Although there has certainly been increased polarization between the mega and smaller ships of late, you still have to love the options… there really is something for everyone. I would likely never pick an Epic or Oasis for just myself and my wife, but they are currently my first choice for a family cruise with my elementary aged children. And they would probably be an even better choice for a family reunion or other group, especially if there were first time cruisers involved. I believe the larger ships are making a good effort to balance out the different cruising styles with their adult only, or suite only areas and services, making them a great option for most. Hopefully the mid and small size lines don’t try and compete on the amusement park level and simply keep doing what they do best. I strongly prefer the small ship style but am not at all afraid to go big either.
I’ve been on two cruises, one 3 day and one 7 day cruise, both on carnival. Cruises are certainly a cheep way to have a vacation. Of course that depends on how much you like to drink, because once they have you on the ship, you’ll quickly know how they really make their money.

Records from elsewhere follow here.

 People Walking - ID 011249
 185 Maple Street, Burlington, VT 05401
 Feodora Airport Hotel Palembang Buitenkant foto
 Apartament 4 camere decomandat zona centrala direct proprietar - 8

The good thing is, you do get to see a a lot places. The down side is you get to see a lot of places, there is really not enough time to experience any of the culture beyond the tourist trap ports. Which is probably why the backpacker community aren’t big fans.

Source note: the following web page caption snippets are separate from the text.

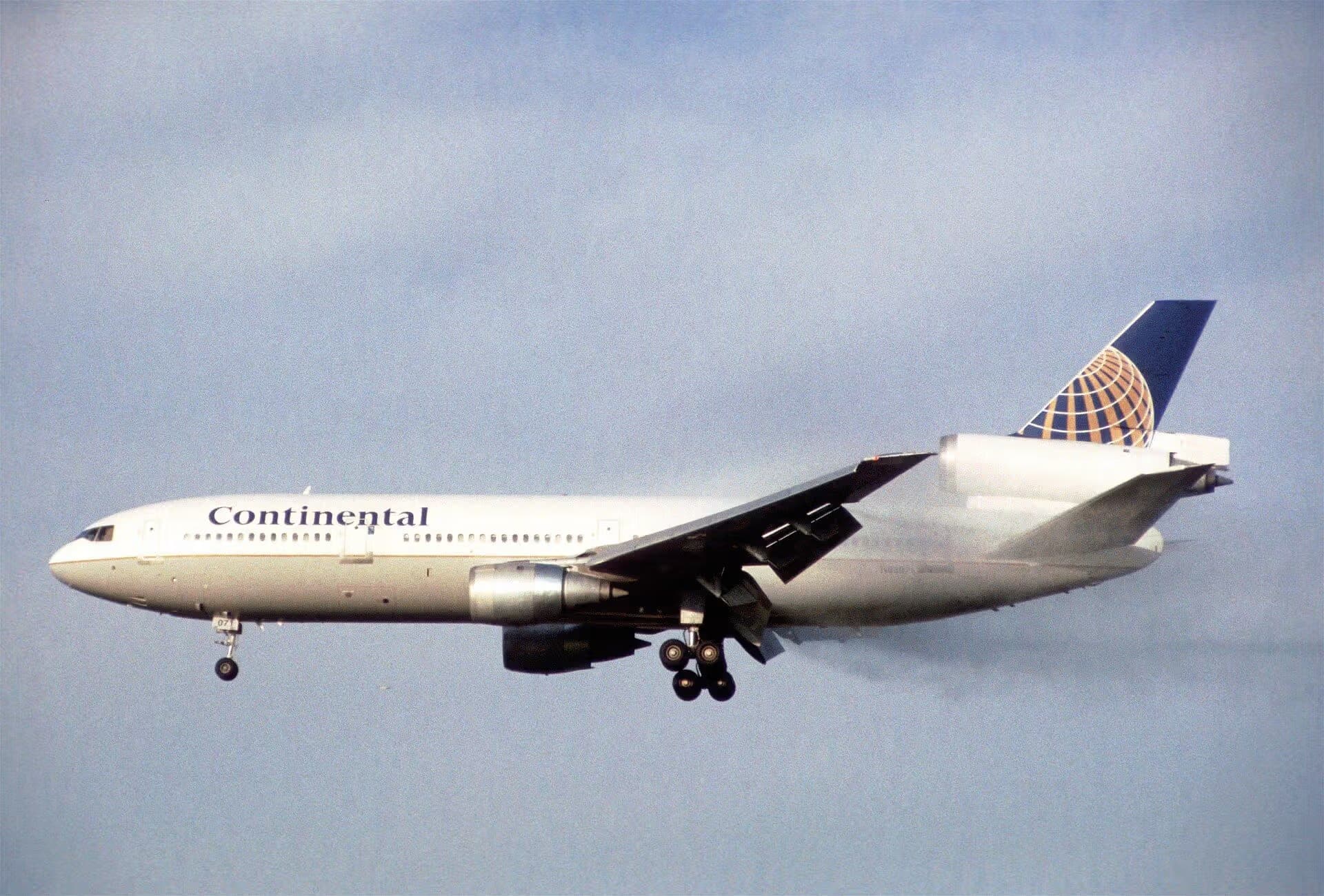 N83071 — Douglas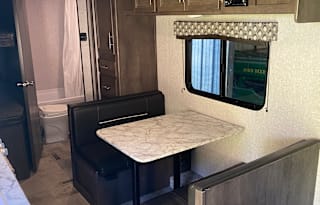 2020 Dutchmen RV Coleman Lantern LT Series 215BHWE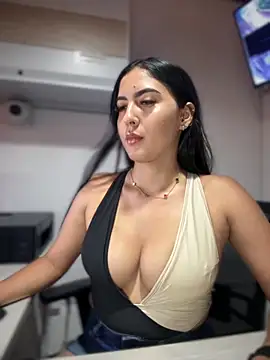 MarianaBenz online show from October 4, 9:46 pm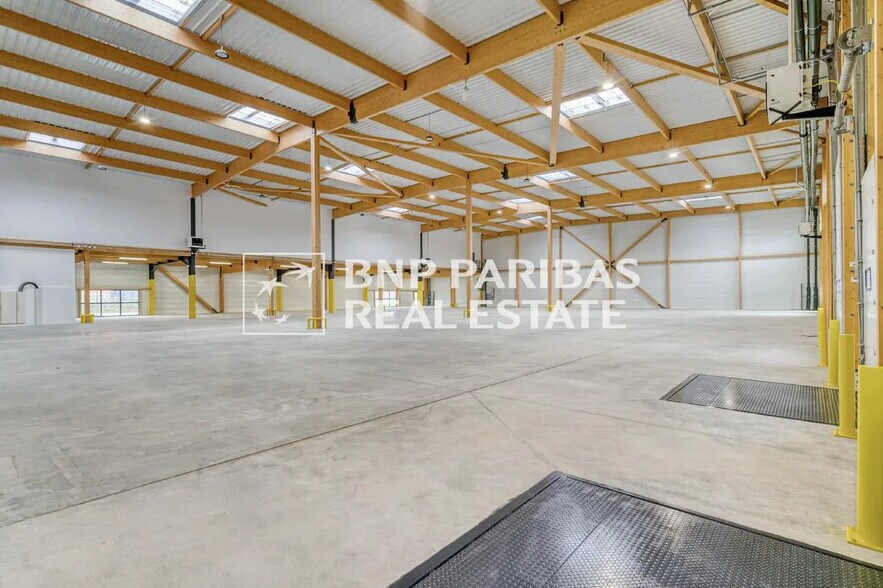 Light Industrial in Louvres to rent - Building Photo - Image 2 of 16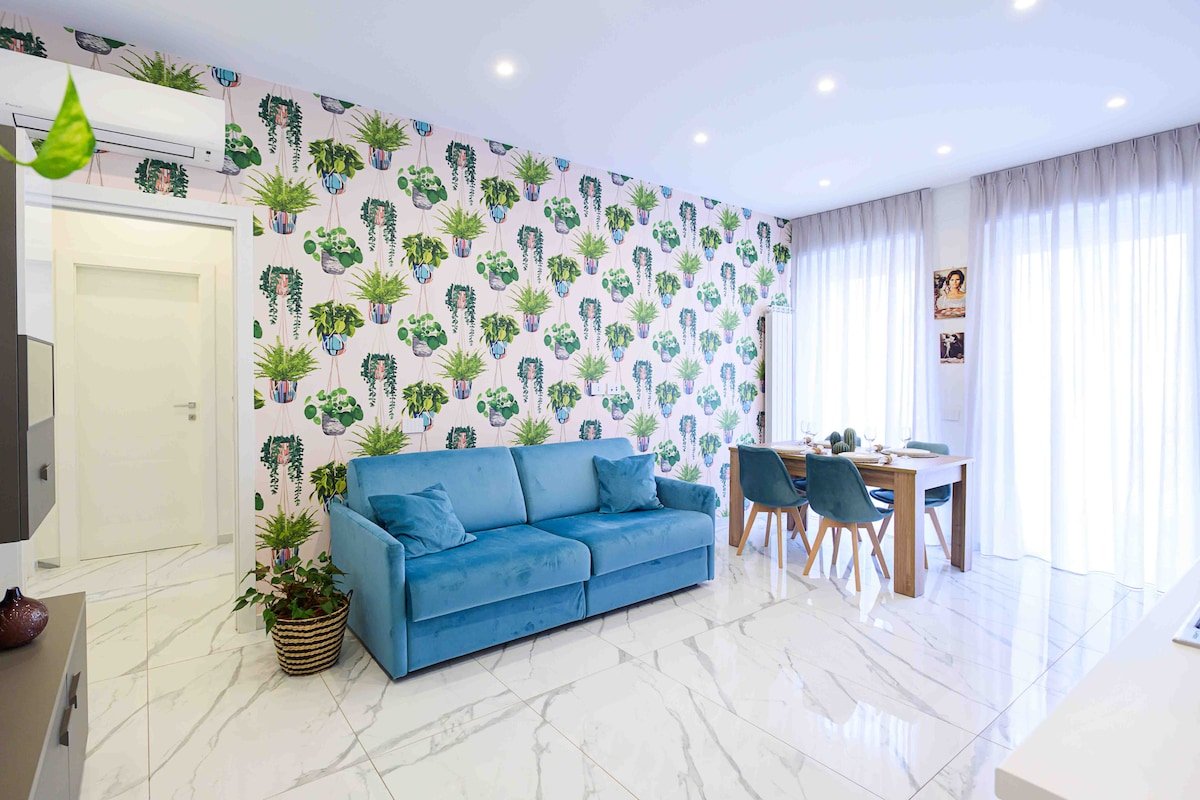 Spazioso appartamento lungomare Napoli gallery image 2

The last one I went on was in April and there was a lot of kids because of spring break. It didn’t really bother me because I was with a singles group of about 230 people. We had our own private events and dining areas, so that took a lot of the screaming kids out of the equation.
Cruising isn’t for every one and I am looking foreword to my backpacking trip next year where I’ll get to experience the culture that I missed on the cruises.

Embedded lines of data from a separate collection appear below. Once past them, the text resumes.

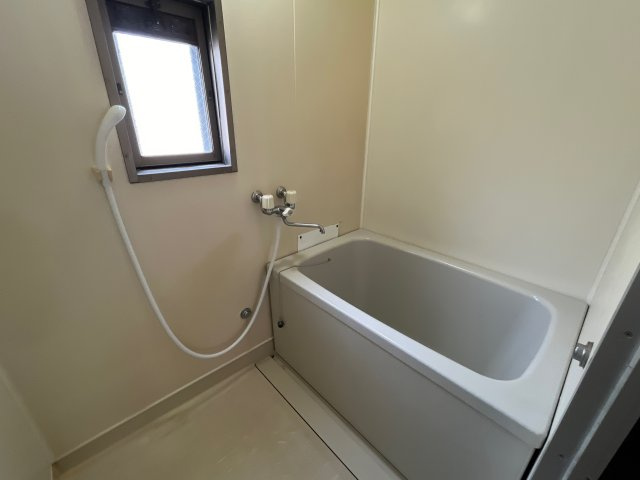 アーバン蒲田の浴室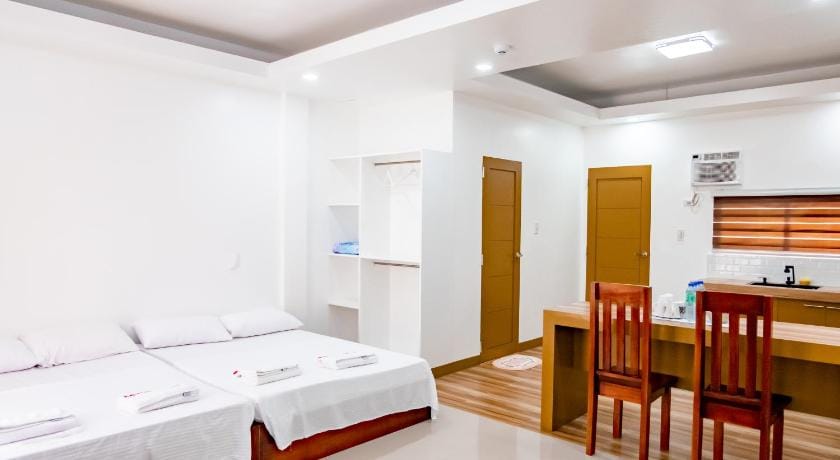 E&C TOURIST INN FAMILY ROOM Apartment in Dumaguete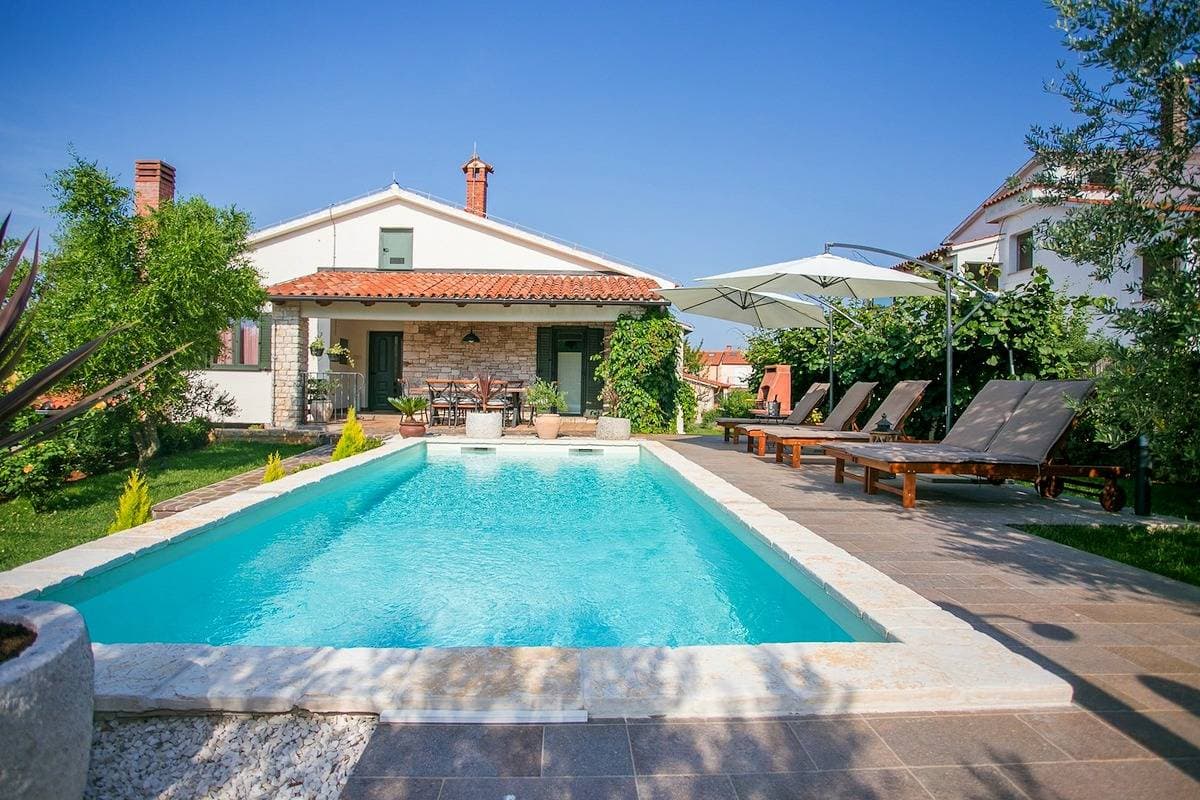 Komfortable Villa Marinela mit Pool und Garten 1
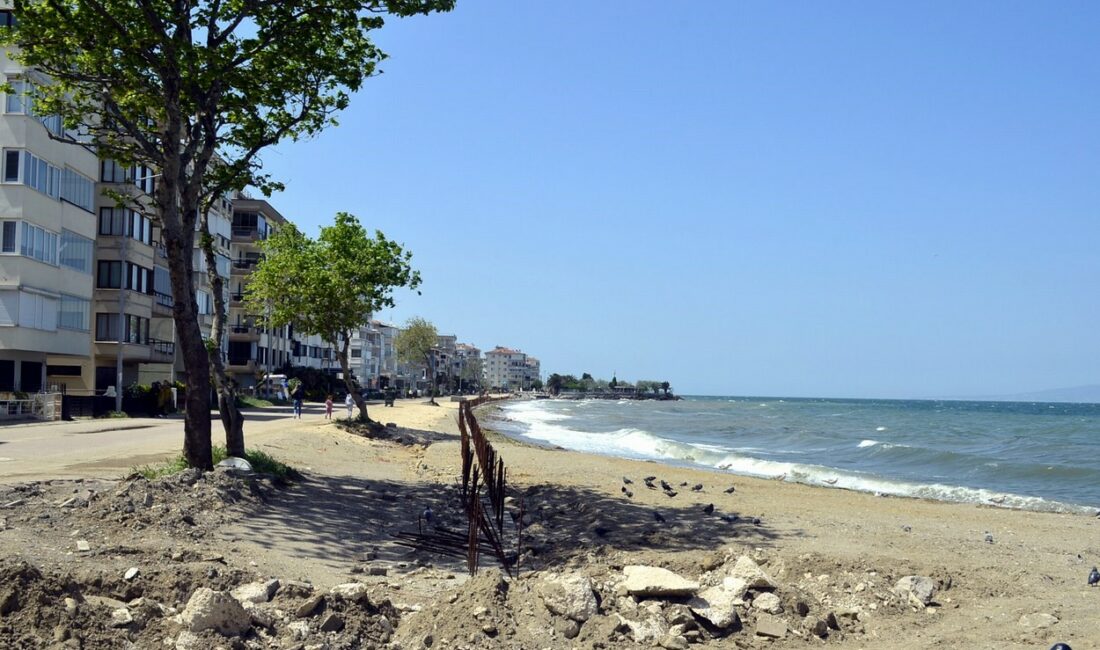 Güzelyalı sahil düzenlemesi esnaf ve vatandaşı çileden çıkardı MUDANYA İLÇESİNİN GÜZELYALI MAHALLESİNDE DEVAM EDEN SAHİL DÜZENLEMESİ, ESNAFI VE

Matt, I hear you. I also don’t like the idea of screaming kids when trying to relax.
But,there ARE options for those of us who don’t want the kids cruise experience. As you pointed out Princess, Celebrity and HAL. Not to mention some of the luxury lines like Seabourne, Regent, etc.
Families are a growing market for cruise lines (thus, shrek and spongebob), so I don’t blame them for going after this market. However, I do think that cruise lines should make an effort to better design adult-only areas in these large amusement park ships. Disney is the only one that does this well, that I know of.
Great post, Matt. It highlights the fact that choosing the right cruise line is important! We had a similar post here: http://meetoncruise.com/blog/choosing-the-right-cruise-line and I put in a comment referencing this excellent post. Thanks!
I suppose what is needed is Colleen discusses – a better way of separating adult and kid areas. No matter what, I have not been happy with the pictures and reviews of the NCL Epic. It seems to have gone completely over the line.
Faraz – I appreciate what you say, but I also don’t think it’s right to drive couples without kids to the more expensive lines. We like deals too and I don’t think I should have to put up with the virtual circus the new ships have become in order to get them. Simple delineation of areas on board would be the way to go. The way they used to!